The vast political and social changes of Europe in this age found their echo in the New World. The decay of Spain left her American colonies to feebleness and decay. The islands of the Caribbean Sea became the haunt of the buccaneers, pirates, desperadoes of all nations who preyed upon Spanish ships, and, as their power grew, extended their depredations northward along the American coast. So important did these buccaneers become that they formed regular governments among themselves. The most famed of their leaders was knighted by England as Sir Henry Morgan; and the most renowned of his achievements was the storm and capture of the Spanish treasure city, Panama.[2]

[Footnote 2: See Morgan, the Buccaneer, Sacks Panama, page 66.]

As Spain grew weak in America, France grew strong. From her Canadian colonies she sent out daring missionaries and traders, who explored the great lakes and the Mississippi valley.[3] They made friends with the Indians; they founded Louisiana.[4] All the north and west of the continent fell into their hands.

[Footnote 3: See Discovery of the Mississippi, page 108.]

[Footnote 4: See Colonization of Louisiana, page 297.]

Never, however, did their numbers approach those of the English colonists along the Atlantic coast. Both Massachusetts and Virginia were grown into important commonwealths, almost independent of England, and well able to support the weaker settlements rising around them. After the great Puritan exodus to New England to escape the oppression of Charles I, there had come a Royalist exodus to Virginia to escape the Puritanic tyranny of Cromwell's time. Large numbers of Catholics fled to Maryland. Huguenots established themselves in the Carolinas and elsewhere. Then came Penn to build a great Quaker state among the scattered Dutch settlements along the Delaware.[1] The American seaboard became the refuge of each man who refused to bow his neck to despotism of whatever type.

[Footnote 1: See William Penn Receives the Grant of Pennsylvania: Founding of Philadelphia, page 153.]

Under such settlers English America soon ceased to be a mere offshoot of Europe. It became a world of its own; its people developed into a new race. They had their own springs of action, their own ways of thought, different from those of Europe, more simple and intense as was shown in the Salem witchcraft excitement, or more resolute and advanced as was revealed in Bacon's Virginia rebellion.[2]
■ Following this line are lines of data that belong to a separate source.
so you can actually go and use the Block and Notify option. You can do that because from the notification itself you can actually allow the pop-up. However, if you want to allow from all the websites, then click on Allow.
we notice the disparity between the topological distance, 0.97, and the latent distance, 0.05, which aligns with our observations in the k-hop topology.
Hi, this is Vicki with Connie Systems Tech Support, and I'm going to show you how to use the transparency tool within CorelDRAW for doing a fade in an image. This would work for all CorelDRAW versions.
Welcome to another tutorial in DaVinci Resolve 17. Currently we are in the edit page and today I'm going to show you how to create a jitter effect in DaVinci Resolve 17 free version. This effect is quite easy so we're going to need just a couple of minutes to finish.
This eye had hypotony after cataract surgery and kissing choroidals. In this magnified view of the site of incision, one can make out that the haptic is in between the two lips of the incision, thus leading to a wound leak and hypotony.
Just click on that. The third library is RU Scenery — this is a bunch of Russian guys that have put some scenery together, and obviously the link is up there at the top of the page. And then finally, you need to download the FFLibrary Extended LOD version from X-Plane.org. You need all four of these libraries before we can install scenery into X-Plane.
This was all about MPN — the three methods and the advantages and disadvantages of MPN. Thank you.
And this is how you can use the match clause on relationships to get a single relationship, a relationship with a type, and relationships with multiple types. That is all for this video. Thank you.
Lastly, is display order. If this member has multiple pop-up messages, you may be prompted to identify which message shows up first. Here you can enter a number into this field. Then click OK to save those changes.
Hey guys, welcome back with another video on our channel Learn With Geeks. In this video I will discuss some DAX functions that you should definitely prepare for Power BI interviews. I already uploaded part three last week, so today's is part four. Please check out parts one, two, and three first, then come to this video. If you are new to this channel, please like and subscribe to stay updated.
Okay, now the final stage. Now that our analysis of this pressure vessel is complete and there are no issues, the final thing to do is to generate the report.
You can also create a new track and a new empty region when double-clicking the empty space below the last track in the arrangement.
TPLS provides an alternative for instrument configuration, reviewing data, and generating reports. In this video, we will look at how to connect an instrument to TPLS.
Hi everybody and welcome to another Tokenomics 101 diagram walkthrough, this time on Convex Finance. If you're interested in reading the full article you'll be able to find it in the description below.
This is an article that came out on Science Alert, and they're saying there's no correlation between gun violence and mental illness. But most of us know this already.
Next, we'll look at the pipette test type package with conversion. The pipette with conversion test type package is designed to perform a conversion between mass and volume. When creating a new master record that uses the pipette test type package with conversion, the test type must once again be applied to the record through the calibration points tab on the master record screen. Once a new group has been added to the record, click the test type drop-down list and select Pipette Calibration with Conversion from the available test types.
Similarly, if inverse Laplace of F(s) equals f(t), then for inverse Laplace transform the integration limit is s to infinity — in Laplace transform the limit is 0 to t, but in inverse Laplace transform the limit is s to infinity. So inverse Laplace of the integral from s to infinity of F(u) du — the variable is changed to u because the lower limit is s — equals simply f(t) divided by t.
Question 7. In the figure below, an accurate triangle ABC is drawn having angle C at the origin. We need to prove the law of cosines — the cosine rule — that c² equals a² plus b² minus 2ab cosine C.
[Footnote 2: See Salem Witchcraft Trials, page 268.]

The aboriginal inhabitants, the Indians, found themselves pressed ever backward from the coast. They resisted, and in 1675 there arose in New England, King Philip's war, which for that section at least settled the Indian question forever. The red men of New England were practically exterminated.[3] Those of New York, the Iroquois, were more fortunate or more crafty. They dwelt deeper in the wilderness, and formed a buffer state between the French in Canada and the English to the south, drawing aid now from one, now from the other.